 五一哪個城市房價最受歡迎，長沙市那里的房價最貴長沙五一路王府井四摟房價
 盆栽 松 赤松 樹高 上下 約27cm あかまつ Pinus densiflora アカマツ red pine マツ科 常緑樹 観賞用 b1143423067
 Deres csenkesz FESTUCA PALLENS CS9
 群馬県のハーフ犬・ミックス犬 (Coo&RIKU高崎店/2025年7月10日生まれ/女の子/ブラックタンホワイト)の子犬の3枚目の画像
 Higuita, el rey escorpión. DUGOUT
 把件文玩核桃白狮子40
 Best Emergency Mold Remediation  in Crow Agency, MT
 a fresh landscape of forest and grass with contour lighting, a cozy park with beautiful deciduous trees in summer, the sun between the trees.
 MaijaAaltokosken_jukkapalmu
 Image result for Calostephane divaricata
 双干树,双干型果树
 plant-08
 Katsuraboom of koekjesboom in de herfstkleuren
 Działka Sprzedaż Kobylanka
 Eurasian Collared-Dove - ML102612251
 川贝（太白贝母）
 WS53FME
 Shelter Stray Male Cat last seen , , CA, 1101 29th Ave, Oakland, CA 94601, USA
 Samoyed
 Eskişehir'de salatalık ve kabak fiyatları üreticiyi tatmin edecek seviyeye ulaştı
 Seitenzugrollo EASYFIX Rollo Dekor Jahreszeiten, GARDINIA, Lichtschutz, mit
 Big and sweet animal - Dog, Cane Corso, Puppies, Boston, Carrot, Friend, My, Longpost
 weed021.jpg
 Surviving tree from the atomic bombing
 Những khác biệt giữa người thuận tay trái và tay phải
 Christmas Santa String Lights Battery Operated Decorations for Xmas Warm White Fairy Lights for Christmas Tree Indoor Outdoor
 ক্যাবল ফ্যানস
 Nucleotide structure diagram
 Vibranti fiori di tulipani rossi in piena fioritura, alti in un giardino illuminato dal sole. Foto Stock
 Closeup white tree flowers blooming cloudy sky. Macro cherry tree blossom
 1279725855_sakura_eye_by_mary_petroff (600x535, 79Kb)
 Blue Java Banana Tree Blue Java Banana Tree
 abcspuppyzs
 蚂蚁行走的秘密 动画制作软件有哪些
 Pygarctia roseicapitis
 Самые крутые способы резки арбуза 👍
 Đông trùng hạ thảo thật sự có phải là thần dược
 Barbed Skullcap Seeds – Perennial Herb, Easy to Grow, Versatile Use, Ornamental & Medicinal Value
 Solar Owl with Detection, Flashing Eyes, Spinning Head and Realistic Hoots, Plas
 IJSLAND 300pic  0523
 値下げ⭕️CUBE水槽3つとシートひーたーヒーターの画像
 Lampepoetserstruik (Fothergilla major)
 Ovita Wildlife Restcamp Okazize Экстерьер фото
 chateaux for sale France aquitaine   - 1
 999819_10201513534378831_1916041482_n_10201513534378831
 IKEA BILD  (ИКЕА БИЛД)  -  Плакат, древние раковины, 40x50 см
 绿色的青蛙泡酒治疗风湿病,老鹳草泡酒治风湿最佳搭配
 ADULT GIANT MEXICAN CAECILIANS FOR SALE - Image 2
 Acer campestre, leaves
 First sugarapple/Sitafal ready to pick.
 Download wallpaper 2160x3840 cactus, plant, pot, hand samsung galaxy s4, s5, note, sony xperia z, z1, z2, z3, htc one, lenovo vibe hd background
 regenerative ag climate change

=== Task objective ===
Go to the line with "把件文玩核桃白狮子40" in the entries above and repeat every line from there through the line with "Surviving tree from the atomic bombing", exactly and with no other text.

=== Your response ===
 把件文玩核桃白狮子40
 Best Emergency Mold Remediation  in Crow Agency, MT
 a fresh landscape of forest and grass with contour lighting, a cozy park with beautiful deciduous trees in summer, the sun between the trees.
 MaijaAaltokosken_jukkapalmu
 Image result for Calostephane divaricata
 双干树,双干型果树
 plant-08
 Katsuraboom of koekjesboom in de herfstkleuren
 Działka Sprzedaż Kobylanka
 Eurasian Collared-Dove - ML102612251
 川贝（太白贝母）
 WS53FME
 Shelter Stray Male Cat last seen , , CA, 1101 29th Ave, Oakland, CA 94601, USA
 Samoyed
 Eskişehir'de salatalık ve kabak fiyatları üreticiyi tatmin edecek seviyeye ulaştı
 Seitenzugrollo EASYFIX Rollo Dekor Jahreszeiten, GARDINIA, Lichtschutz, mit
 Big and sweet animal - Dog, Cane Corso, Puppies, Boston, Carrot, Friend, My, Longpost
 weed021.jpg
 Surviving tree from the atomic bombing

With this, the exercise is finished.